Note: This buffer works excellent for many antibodies, but it often gives high background staining (maybe due to endogenous biotin revealed after this pretreatment). So primary antibodies can often be highly diluted. It is beneficial for low-affinity antibodies or when tissue antigens are not intense.
- Antigen Retrieval Methods
- Pressure Cooker
- 1. Place the pressure cooker filled with the appropriate antigen retrieval buffer on the hotplate and turn it on high (Do not close the lid tightly), then perform dewaxing and rehydration of sections.
- 2. Once the antigen retrieval buffer is boiling, put the slides into the pressure cooker and close the lid tightly.
- 3. After the pressure cooker reaches the maximum pressure (~121 °C), keep it for 3 minutes, turn off the hotplate and remove the pressure cooker.
- 4. Cool down the cooker with tap water and open the lid when the pressure drops. Remove the slides to room temperature (RT) and allow them to cool for 20 minutes.

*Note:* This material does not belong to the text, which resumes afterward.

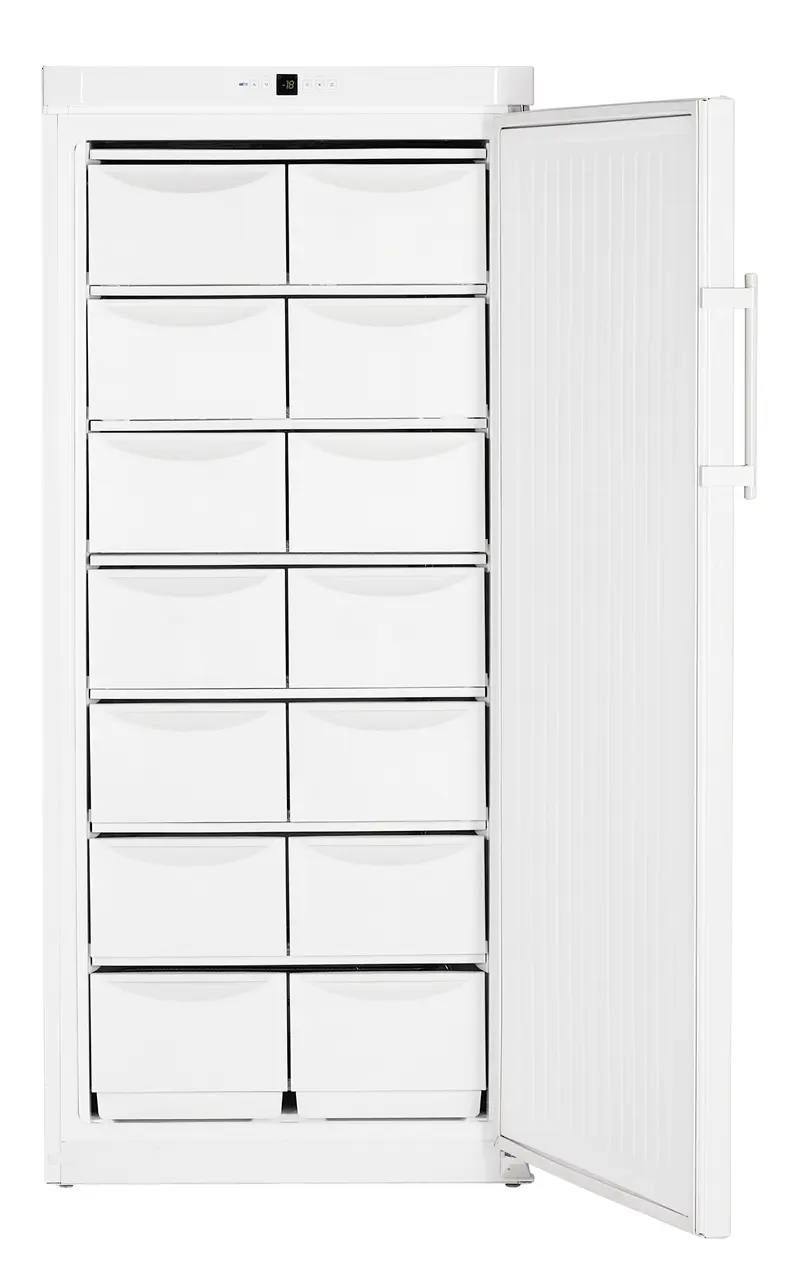 Product image, Perspective: straight open empty, Freezer with static cooling, Casing colour: white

Note: This method is highly recommended. Three minutes is only a suggested time. You can set up a control experiment, set 1, 2, 3, 4... minutes to explore and determine the best recovery time for your antigens of interest. In addition, please make sure that the slides are completely cooled before proceeding to the next step.
- Microwave Oven
Please use a research-grade microwave oven, although the household-grade device still holds a prominent place in the field of HIER. The most notable shortcoming of this method is to control the buffer temperature and the incubation time of slides.
1. Add the appropriate antigen retrieval buffer to a microwave-safe container.
- 2. Put the slides in the container and place them in the microwave oven. Set the temperature at 98°C for 20 minutes to retrieve the antigens (optimal incubation time should be determined by the user).
- 3. After 20 minutes, remove slides from the microwave oven and let them cool down for 10 minutes at RT.
Note: This method is convenient with drawbacks. In addition to the difficulties of regulating temperature, the longer retrieval time (20 minutes) may cause the sample dissociation from the slide. It is also crucial to ensure that the antigen retrieval buffer is sufficient to cover the slides (a few centimeters higher) to prevent drying out during “boiling”.
- Water Bath
- Pre-heat water bath with staining dish containing appropriate antigen retrieval buffer until temperature reaches 95-100 °C.
- Immerse slides in the staining dish. Place the lid loosely on the staining dish and incubate for 20-40 minutes (optimal incubation time should be determined by the user).
- Turn off the water bath and remove the staining dish to room temperature and allow the slides to cool for 20 minutes.
Note: The primary drawback of water baths is the inability to achieve retrieval temperatures above 100 °C, resulting in more extended protocols and several retrieval buffer evaporations during the process. Therefore, it is critical to ensure that the antigen retrieval buffer is sufficient to cover the slides (a few centimeters higher) to prevent drying out during “boiling”.
Proteolytic Induced Epitope Retrieval (PIER)
Trypsin is widely used for FFPE tissue sections, thus enhancing the staining intensity of antibodies.
Trypsin Working Solution (0.05%):
Trypsin ---------------------------------- 5 mg
Calcium chloride -----------------------10 mg
Distilled Water --------------------------10 ml
Mix to dissolve. Adjust pH to 7.8 with 1N N NaOH. Store at 4 ºC for one month or -20 ºC for long term storage
- Preheat the trypsin working solution to 37°C.
- Cover sections with trypsin working solution (usually 50-100ul) and incubate for 10-20 minutes at 37 °C in a humidified chamber (optimal incubation time may vary depending on tissue type and degree of fixation and should be determined by the user).
- After that, take out the slide and rinse with running water for 3 minutes to cool down to room temperature.
Note: Place slides on a plastic rack in the humidifier chamber to avoid touching directly the metal rack of the incubator. Otherwise, the staining quality will be affected by uneven temperature.